As best can be gleaned from the historical record, Hope College’s Pull tug-of-war has happened in just two locations since it began in the 19th century.
Due to high water levels at the event’s traditional home on the Black River because of Lake Michigan’s near-record highs, this year’s installment of the 122-year freshman-sophomore contest will add a third when it takes place on Saturday, Sept. 28, at 3 p.m.: along the south side of 11th Street between Lincoln and Fairbanks avenues.
The Pull will feature teams from the sophomore Class of 2022 and the freshman Class of 2023. The public is invited, and admission is free.
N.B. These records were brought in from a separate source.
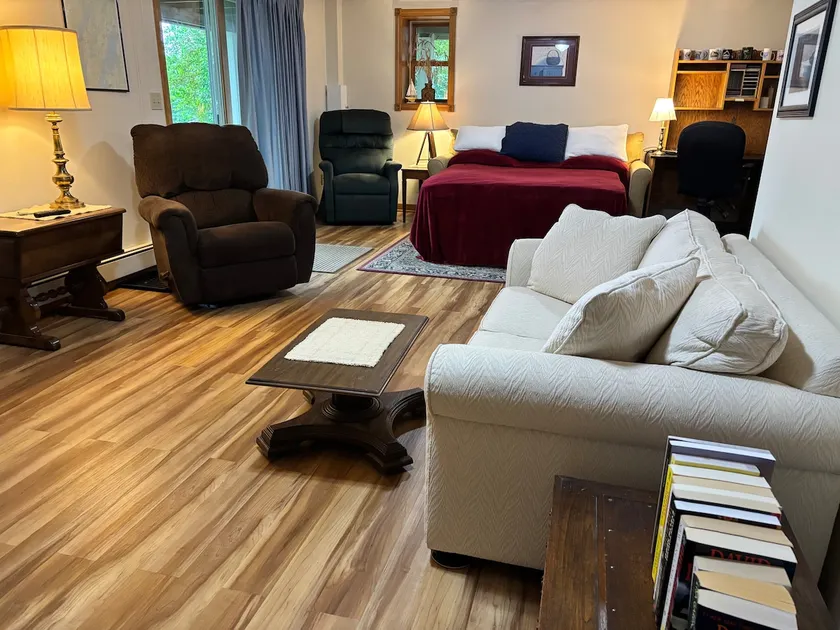 Private Suite in Central Maine - Image 1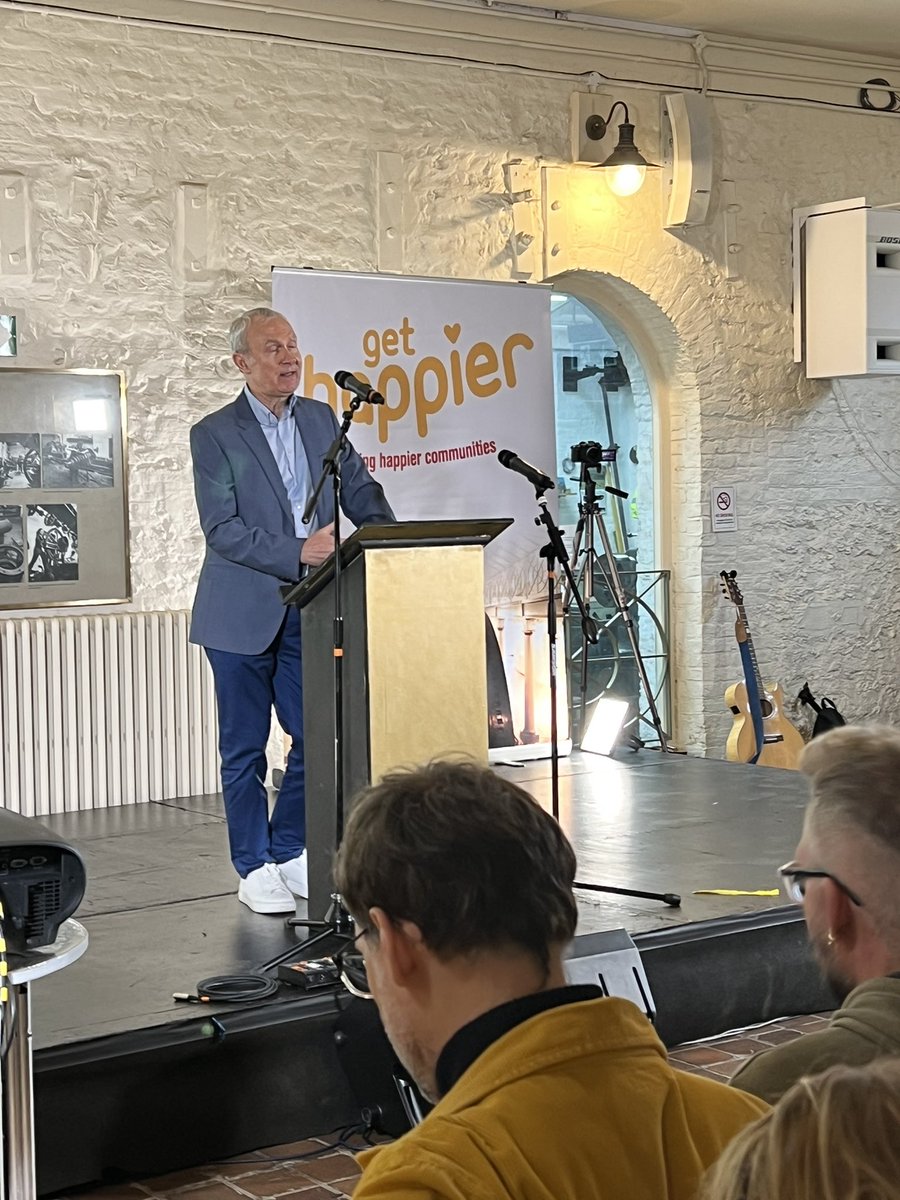 profpauldolan's tweet photo. Opening our first Get Happier conference : @LukeJohnsonRCP sharing his thoughts on the role The Engineerium in Hove can play on bringing the local community together. https://t.co/ytWAdiU47q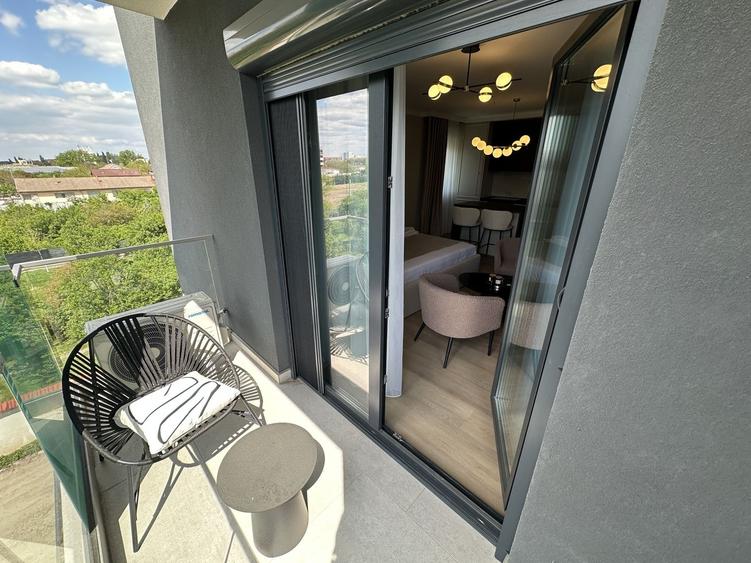 Apartament cu 1 camere decomandat în Lipovei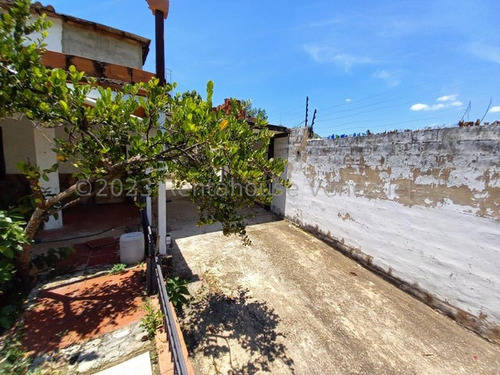Lfa Terreno En Venta Ciudad Jardin Mañongo Naguanagua Carabobo 23-29594 Leida Falcon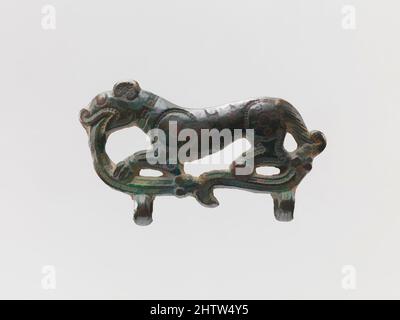 Art inspiré par la plaque ou la boucle, dynastie Zhou de l'est (770–256 av. J.-C.), env. 5th Century C.-B., Chine, Bronze, H. 2 7/8 po. (7,3 cm) ; avec 1 5/8 po (4,1 cm), Metalwork, oeuvres classiques modernisées par Artotop avec une touche de modernité. Formes, couleur et valeur, impact visuel accrocheur sur l'art émotions par la liberté d'œuvres d'art d'une manière contemporaine. Un message intemporel qui cherche une nouvelle direction créative. Artistes qui se tournent vers le support numérique et créent le NFT Artotop Banque D'Images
Held in its first years across a small stream near Holland’s Pilgrim Home Cemetery, the Pull has taken place across the Black River since 1910. This year, however, Lake Michigan — to which the Black River is connected via Lake Macatawa — is about two feet above average, resulting in high water on the river affecting the competition site and also impeding access via the low-lying terrain that must be crossed to reach the southern bank.
Given the long history of the Black River location, the decision to move the Pull was not made lightly, explained the event’s staff adviser, Dr. Richard Frost, who is vice president for student development and dean of students, and he and the student organizers met several times to discuss the challenges and options before they decided on the change. The clincher was on Monday evening, when the students tested the conditions at the site by digging some of the shallow pits in which the participants lie for up to three hours during the contest — and found that they filled with water.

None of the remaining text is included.